Okay, well, I’ll admit, that’s exactly what he has made here. But this guy really knows how to do that and stay interesting in my opinion. Even though surely shot on the usual Hollywood bankroll, the effects here reminded me of the fast and loose style Robert Rodriguez stumbled upon in making the first two Spy Kids movies on trademark tight budget. They’re having fun with this and it translates right onto the film, through the projector and into the audience: at least, for this audience it did. I laughed almost constantly for the duration and entirely “got” the slightly sillier aspects of the production. Anna Friel being allowed (in fact, apparently Silberling insisted) to keep her Mancunian accent is a wonderful bonus.



Le Dîner de Cons

Le Dîner de Cons

Wednesday, May 20th, 2009

I’m going to try and watch as much French cinema for the next week or so before a short and long overdue trip to Paris, mostly pulled from the recommendations of a fantastic podcast I found on iTunes called FrenchPodClass (seems not to have been updated in almost a year but there’s still plenty of free downloadable content). This was the first recommendation and appealed to me in particular as it’s only just over 75 minutes in length.

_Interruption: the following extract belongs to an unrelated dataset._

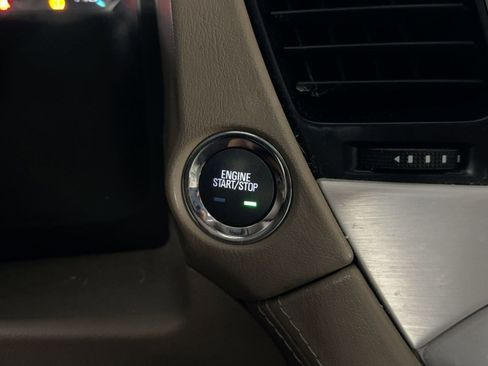 Used 2019 GMC Yukon XL SLT w/ Open Road Package image 24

Well, I don’t think I’ve laughed so hard in a long time. This is a true comedy, truly simple, almost entirely set in one room and never actually getting to the dinner mentioned in its title (well, metaphorically notwithstanding). It reminded me of a play by John Godber I once saw (and, by connection I guess, just about all those class war plays) except that as opposed to wealth and status being the great divide here, the French version seems to be the war of intellects (of course, wealth and status come into this too). If you’ve read more than a handful of my reviews you might already know that I don’t usually go for pure comedy, nor do I often like movies about characters so mean as some of the protagonists here, but I guess for this I must make an exception. Though this does take a fairly melodramatic turn in the last act and I liked this part very much, I was still hoping that it was leading up to one final gutbusting gag, and I wasn’t let down. The movie, like those Northern British plays of old, has a very serious point to make on one level, but it’s also incredibly entertaining about it. I don’t know if it’s a movie I’d watch over and over, it really gives you its all in one sitting; but I’m very happy I took the short time required to see it. Highly recommended even if you never watched a foreign film before.



Idiocracy

Idiocracy

Wednesday, April 15th, 2009

I’ve had this lined up for a long time now and just never seemed to get around to it because its sheer concept – that a guy wakes up in a future where today’s gradual dumbing down of society has reached its logical conclusion – spoke for itself. What I didn’t expect was a movie that in its own way is as bleak and ultimately moving as a more recent one it closely resembles: Wall•E.

Don’t get me wrong, Wall•E is doubtless a masterpiece that doesn’t even need a second viewing from me to verify while this lacks a certain amount of scope at times, perhaps simply because of the inevitable dumbness it’s dealing with. The same could possibly be said for the middle portion of Wall•E, from when the humans enter.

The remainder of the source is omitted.